_Captioned web images_.
··········

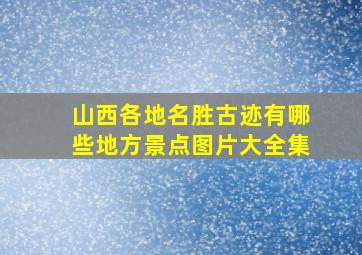 山西各地名胜古迹有哪些地方景点图片大全集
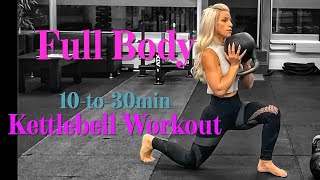 Full Body 10 to 30min Kettlebell Workout [upl. by Stanislaus]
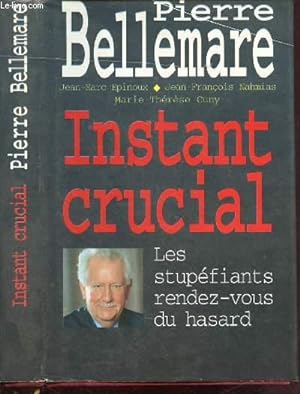 Seller image for INSTANT CRUCIAL : LES STUPEFIANTS RENDEZ-VOUS DU HASARD for sale by Le-Livre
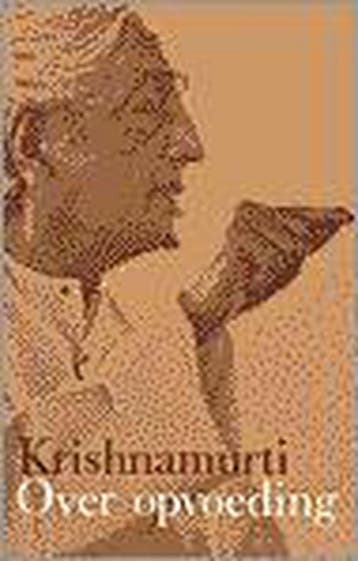 Over opvoeding - Jiddu Krishnamurti 9789020254167, Boeken, Verzenden, Gelezen, Jiddu Krishnamurti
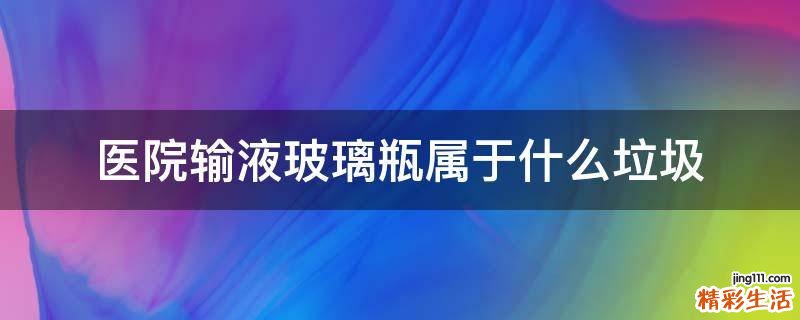 医院输液玻璃瓶属于什么垃圾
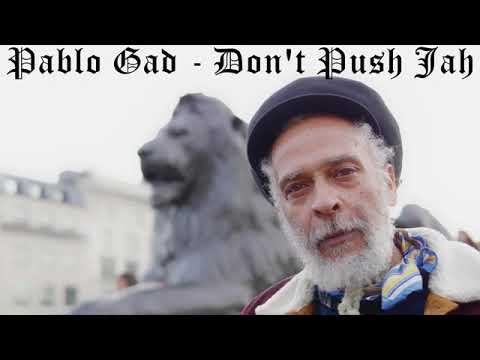 PABLO GAD DONT PUSH JAH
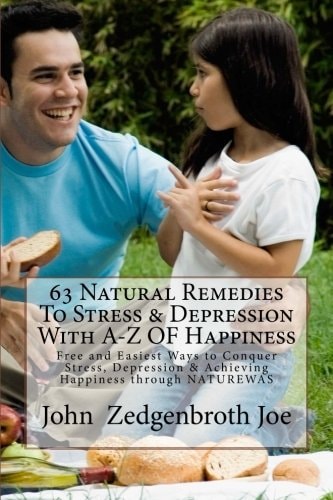 63 Natural Remedies to Stress and Depression with A-Z of Happiness Free and Easiest Ways to Conquer Stress, Depression and Achieving Happiness Through NATUREWAS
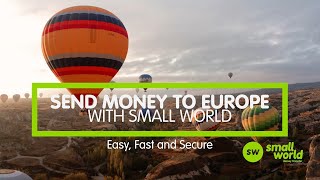 Small World Money Transfer: The best option to send money to Europe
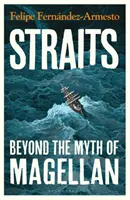 Straits - Túl Magellán mítoszán - Straits - Beyond the Myth of Magellan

··········

_Requirement_. In the copy, include every line of the entries above exactly and none of the pictures.

_Response to the exercise_.
 山西各地名胜古迹有哪些地方景点图片大全集
 Full Body 10 to 30min Kettlebell Workout [upl. by Stanislaus]
 Seller image for INSTANT CRUCIAL : LES STUPEFIANTS RENDEZ-VOUS DU HASARD for sale by Le-Livre
 Over opvoeding - Jiddu Krishnamurti 9789020254167, Boeken, Verzenden, Gelezen, Jiddu Krishnamurti
 医院输液玻璃瓶属于什么垃圾
 PABLO GAD DONT PUSH JAH
 63 Natural Remedies to Stress and Depression with A-Z of Happiness Free and Easiest Ways to Conquer Stress, Depression and Achieving Happiness Through NATUREWAS
 Small World Money Transfer: The best option to send money to Europe
 Straits - Túl Magellán mítoszán - Straits - Beyond the Myth of Magellan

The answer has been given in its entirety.